(RECORDS PROVIDED begins)

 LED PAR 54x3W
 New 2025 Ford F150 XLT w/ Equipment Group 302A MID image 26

(RECORDS PROVIDED ends)
(RECORDS PROVIDED begins)

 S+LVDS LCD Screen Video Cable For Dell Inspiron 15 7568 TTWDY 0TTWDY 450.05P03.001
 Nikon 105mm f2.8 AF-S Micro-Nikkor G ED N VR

(RECORDS PROVIDED ends)
(RECORDS PROVIDED begins)

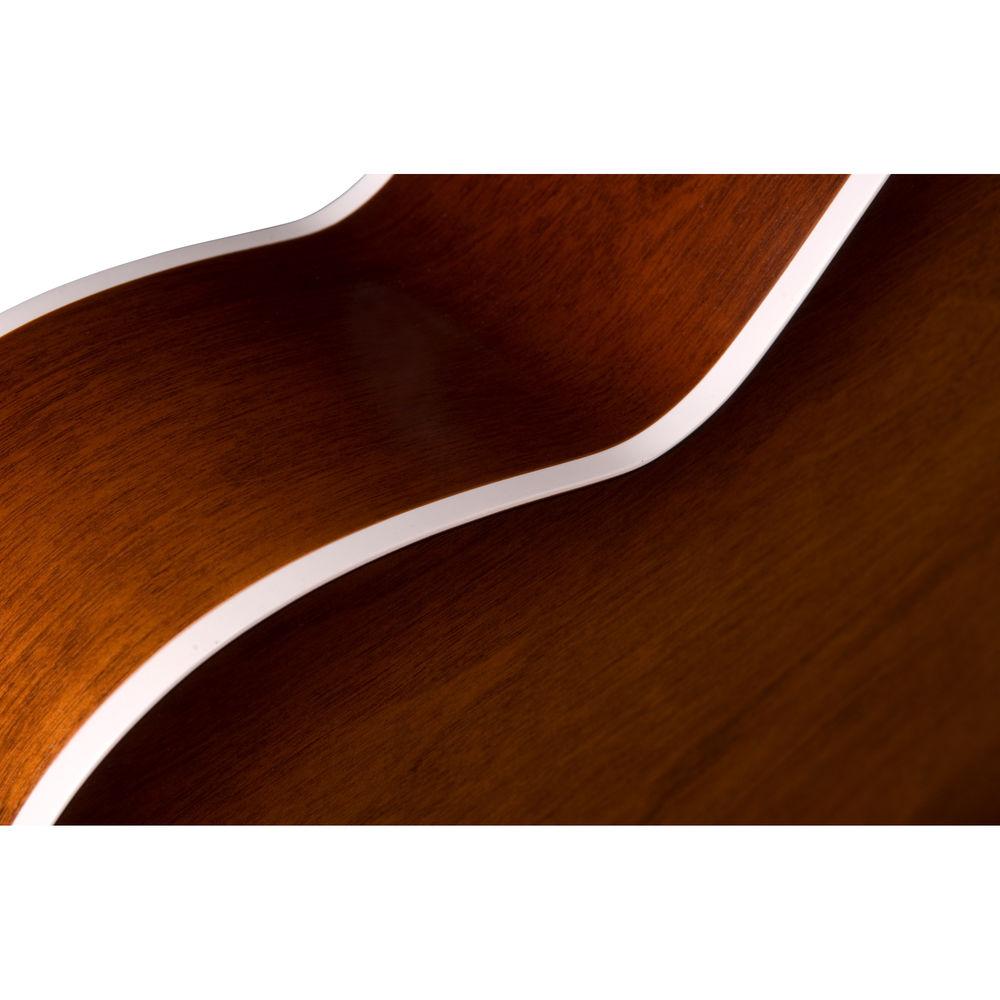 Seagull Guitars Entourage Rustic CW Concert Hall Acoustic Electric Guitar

(RECORDS PROVIDED ends)

In the listing above, locate the line containing "S+LVDS LCD Screen" and the line containing "Nikon 105mm f2.8 AF-S Micro-Nikkor G ED N VR". Extract those two lines and every line between them, exactly as written, and only those.

■ SOLUTION BELOW ■
 S+LVDS LCD Screen Video Cable For Dell Inspiron 15 7568 TTWDY 0TTWDY 450.05P03.001
 Nikon 105mm f2.8 AF-S Micro-Nikkor G ED N VR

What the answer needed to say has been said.